*** Begin section ***

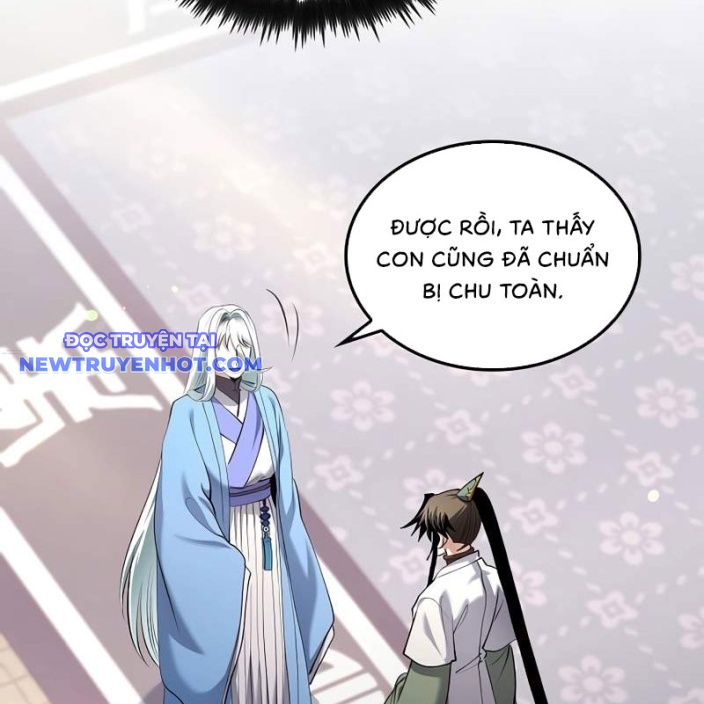 Bác Sĩ Trùng Sinh Về Murim Chap 163 - Next Chap 164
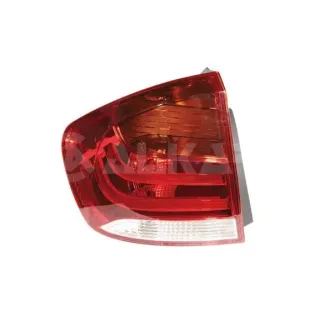 ALKAR 2232889 Piloto posterior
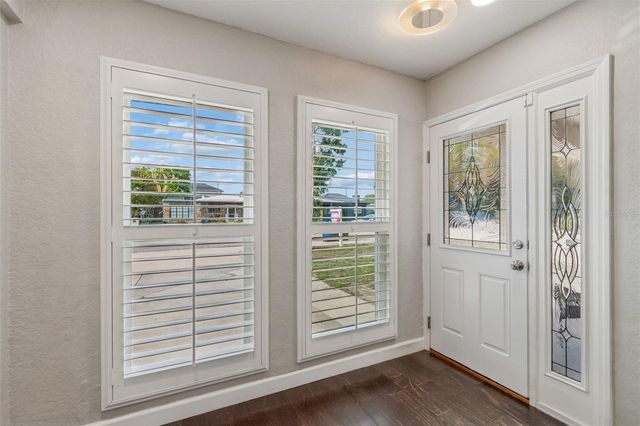 3316 W KATHLEEN STREET, Tampa, FL 33607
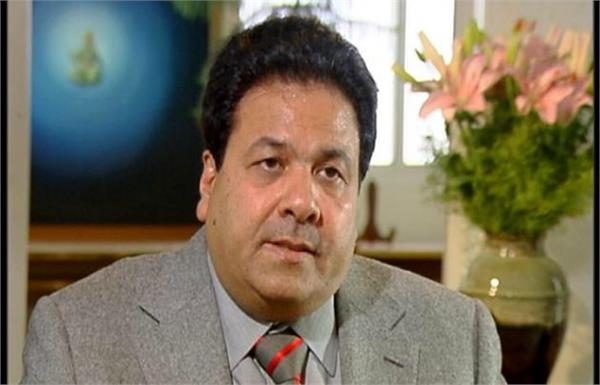in this ipl year drs will use  rajiv shukla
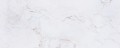 Tubadzin Rochelle 29,8x74,8 White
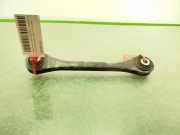 Stabilisatorstange Koppelstange Rechts Hinten 8K0501529L Audi A7 Sportback (4GA/4GF) Liftback 3.0 TDI V6 24V Quattro (CDUC)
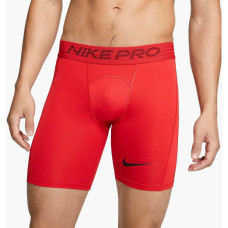 M NP SHORT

*** End section ***

Everything in the records goes into your answer exactly, except the pictures.

 Bác Sĩ Trùng Sinh Về Murim Chap 163 - Next Chap 164
 ALKAR 2232889 Piloto posterior
 3316 W KATHLEEN STREET, Tampa, FL 33607
in this ipl year drs will use  rajiv shukla
 Tubadzin Rochelle 29,8x74,8 White
 Stabilisatorstange Koppelstange Rechts Hinten 8K0501529L Audi A7 Sportback (4GA/4GF) Liftback 3.0 TDI V6 24V Quattro (CDUC)
 M NP SHORT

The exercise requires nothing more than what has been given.